デマー・デローザン

今夏35歳に「チャンスがあるうちに全力を尽くしたい」

ブルズのシーズンはまたも失敗に終わった。ここ9シーズンでプレーオフ進出は2回のみ、いずれもファーストラウンドで敗退している。マイケル・ジョーダンの黄金期が終わってからの低迷期よりずっと長い辛抱をファンは強いられている。

昨シーズンに続いてプレーイン2戦目でヒートに敗れることになったが、1年前は終盤まで接戦が続いて最後に振り切られた。今回はジミー・バトラー不在のヒートに完膚なきまでに打ち負かされ、チームが後退していることを突き付けられた。

地元メディアは何年も前から不甲斐ないブルズに愛想を尽かしており、ファンも同様だ。選手にも悲壮感がある。コービー・ホワイトは「あと一歩のところで届かなかったけど、プレーインに来ること自体が間違っている」と言い、こう続けた。「ヒート・カルチャーという言葉には理由がある」

ヘッドコーチのビリー・ドノバンは「我々が望む結果は得られなかったが、選手たちの戦いぶりに感謝し、尊敬している。欠けているものはあっても、戦う姿勢は本当に良かった」と言い、アルトゥラス・カルニショバス運営部代表は「5勝14敗とスタートは悪かったが、その後の勝率は5割より上だった。ケガに阻まれたが、このチームにはポテンシャルがある」と語った。

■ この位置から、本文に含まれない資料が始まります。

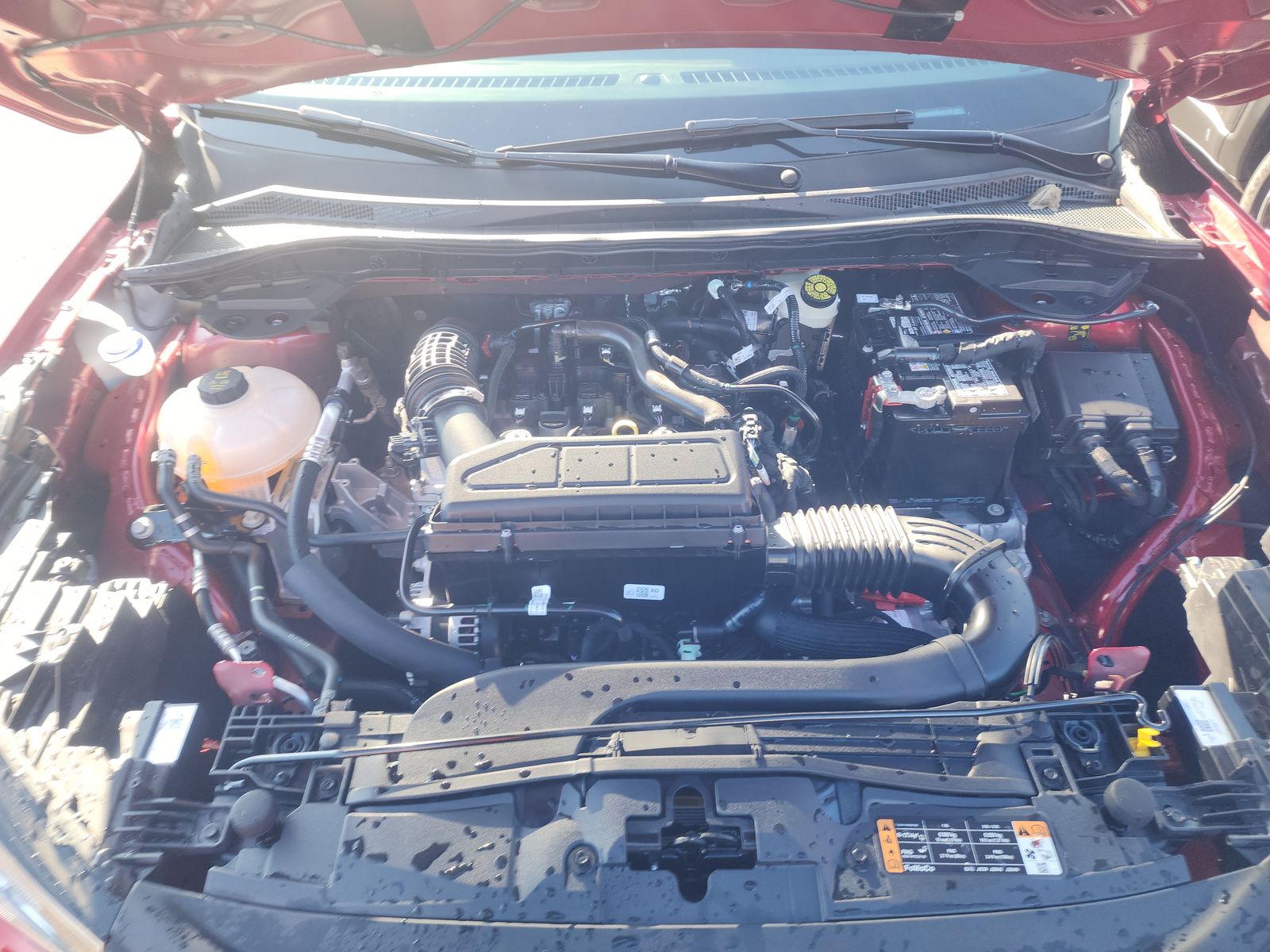 2025 Ford Escape Active FWD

カルニショバス運営部代表は2シーズン全休のロンゾ・ボールについて「数カ月様子を見て、回復するのを待ちたい」と語った。指揮官ドノバンについても、今回プレーオフを逃せば更迭と騒いだ地元メディアをたしなめるように「我々には彼が必要だ」と断言した。ブルズが長い低迷から抜け出すために、まず手を付けるべきところを検討さえしない。その彼はこう言う。「ケガさえなければ、我々の計画は上手くいっていた」

フロントとチームのトップの言葉は、ヒートにあってブルズにはない『カルチャー』が何なのかを端的に示している。彼らはここ何年も、結果が出ていないにもかかわらずチームの刷新を割けてきた。ケガという不運がなければプレーオフで勝ち進めるかもしれないが、それはどのチームにも言えること。お互い全員健康な状態だったと仮定して、セルティックスに、バックスに、セブンティシクサーズに、そしてジミー・バトラーのいるヒートに勝てると彼らは考えているのだろうか?

ヒートに敗れてシーズン終了が決まった直後、デマー・デローザンは憔悴した様子を隠せなかった。「長いシーズンで波が大きく、フラストレーションを感じることも多かった。ケガ人が出てローテーションが変わる、そんな悪運が何度もやって来た中で屈しなかった。ケガ人が出たことを言い訳にせず戦い続けたんだ」

デローザンはこのオフにフリーエージェントとなる。フロントは彼との再契約を望んでいるが、彼自身はどう考えているのだろうか。それを問われた彼は「まだ感情が揺れ動いているから、心を落ち着けてから冷静に考えるよ。衝動的な発言をするのは避けたい」と自重しようとしたが、結局は言葉を選びながら溢れ出る感情を口にした。

「高みを目指して進んでいたところを叩き落され、一番下から山を見上げて、またすべてやり直し。次はどうやるべきか、良い方法を見つけ出さなきゃいけない。長いオフになるだろうね。結局のところ、僕は負けるのが嫌いだし、チャンスを逃すのも嫌なんだ。次がキャリア16年目、ずっとプレーし続けられるわけじゃない。チャンスがあるうちに全力を尽くしたい。僕は勝ちたい。プレーオフのファーストラウンドやセカンドラウンドを眺めるのは嫌なんだよ。もう若くないけど、年齢を理由に何かができなくなったとは思わない。毎年夏にそうするように、このオフも次のシーズンに向けてハードワークするつもりだ。どんな挑戦であれ受け入れる覚悟がある」

再契約を視野に入れた場合、ブルズに何を求めるか。その質問にデローザンは「競争力」と答えた。「僕が来た最初のシーズン(2021-22シーズン)にはすべての戦力が揃っていた。強豪と競い合う力のあるチームをコートに送り出してほしい」

フロントには勝つために必要な真剣さと必死さが足りず、同じミスを何度も繰り返す。その彼らを更迭しないオーナーにも問題がある。デローザンの決断はそれほど難しいものにはならないだろう。